Salvatore Luigi Pisani

Salvatore Luigi Pisani CMG, MD (27 May 1828, in Birgu – 27 October 1908, in Zejtun) was a Maltese doctor, renowned professor of anatomy, surgery, midwifery and gynaecology.

[1] During the Crimean War Pisani, then in charge of the Pembroke regiment of the Military Medical Department, volunteered as surgeon with the British Army and was posted to Scutari and then Balaclava[1] where he worked with Florence Nightingale.

[1] For the following thirty years, Pisani served as specialist accoucher and surgeon at Malta's Government Hospital, in particular pioneering the practice of ophthalmology, a field in which he worked closely with his graduate Lorenzo Manché.

Pisani devised the curriculum of the new School of Practical Midwifery, established in 1860, lecturing in English and Italian and promoting the use of the Maltese language to educate paramedics.

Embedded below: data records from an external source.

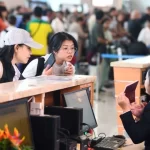 ベトナムの航空カウンターで搭乗手続きをおこなう乗客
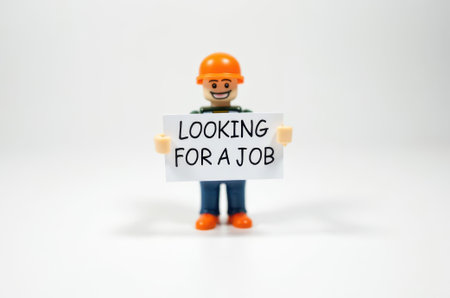 toy man holding a sign with the text (I'm looking for a job) on a white backgroundの素材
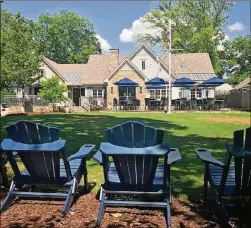  ?? CONTRIBUTE­D BY THE BIG KETCH SALTWATER GRILL ?? The Big Ketch Saltwater Grill’s Roswell location offers a family-friendly outdoor patio that seats 50 diners, plus a green space to play lawn games.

He recommended the government to improve local public health standards, in particular as concerns clean water supply, well-sanitised buildings for the working class, and extending the sewage system to rural areas.

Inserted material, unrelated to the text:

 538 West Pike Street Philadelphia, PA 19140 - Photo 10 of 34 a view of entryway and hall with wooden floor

He lived at "his commodious and comfortable Villa Sans Souci situated in a lovely spot between Casal Zeitun and Marsascirocco where he quietly passed away on October 27, 1908, after a somewhat prolonged illness.

The funeral cortege offered an unmistakable proof of the high esteem in which Prof. Pisani was held, comprising as it did, the elite of society, a good many following the hearse in carriages from Sans Souci to the Addolorata Cemetery, where many more joined the procession".